Although there is no internal sorting that is best for every situation, the quicksort algorithm introduced by Hoare (1961, 1962) is widely accepted as the most efficient internal sorting technique. Quicksort sorts a list of keys A[l], A[2],.., A[m] recursively by choosing a key p in the list as a pivot key around which to rearrange the other keys in the list. Ideally, the pivot key is near the median key value in the list, so that it is preceded by about half of the keys and followed by the other half. The keys of the list are rearranged such that for some n, A[l], A[2],.., A[n] contain all the keys with values less than p and A[n+1], A[n+2],.., A[m] contain all the keys with values greater than or equal to p. The elements A[l], A[2],.., A[n] are called the left sub list and the elements A[n+1], A[n+2],.., A[m] are the right sub list. Thus, the original list is partitioned into two sub lists where all the keys of the left sub list precede all the keys of the right sub list. After partitioning, the original problem of sorting the entire list is now reduced to the problem of sorting the left and right sub lists independently. Quicksort is then applied recursively to each of these sub lists until the sub list consist of just a single item. Not only is this algorithm simpler than many other sorting algorithms, but empirical (Sedgewick, 1977; van Emden, 1970) and analytical (Knuth, 2005) studies shows that quicksort can be expected to be up to twice as fast as its nearest competitors, with expected time complexity of O (nlogn) and a worst case of O (n2).

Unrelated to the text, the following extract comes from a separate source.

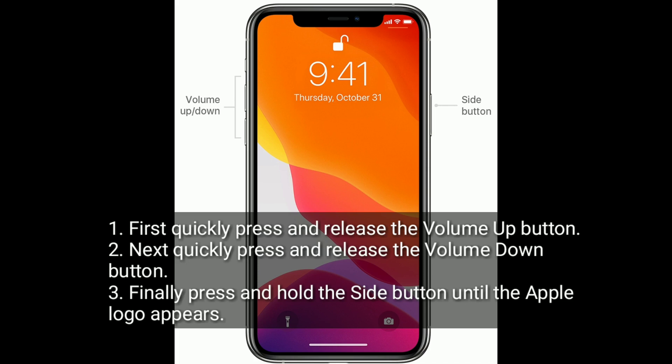First, quickly press and release the Volume Up button. Next, quickly press and release the Volume Down button. Finally, press and hold the Side button until the Apple logo appears.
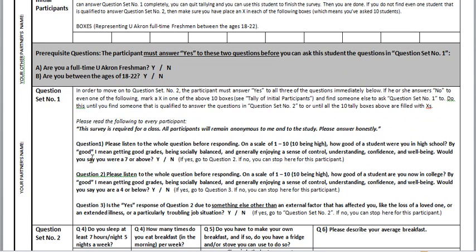Don't mark an X if you stop someone and they say they're not a freshman. You've got to find a freshman first, and this freshman has to be 18 to 22. Then you ask them question set number one, and if they can't complete that, then you put an X — and then you have to find someone else who at least gets down to question set number one.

There is a continuous demand for greater computational speed from a computer system than currently possible (Moh et al., 1999). Areas requiring great computational speed include numerical modelling and simulation of scientific and engineering problems. Such problems often need huge repetitive calculation on large amount of data to give valid result. Thus, it is appropriate to study the effect of pivot selection schemes on the performance of quicksort algorithm.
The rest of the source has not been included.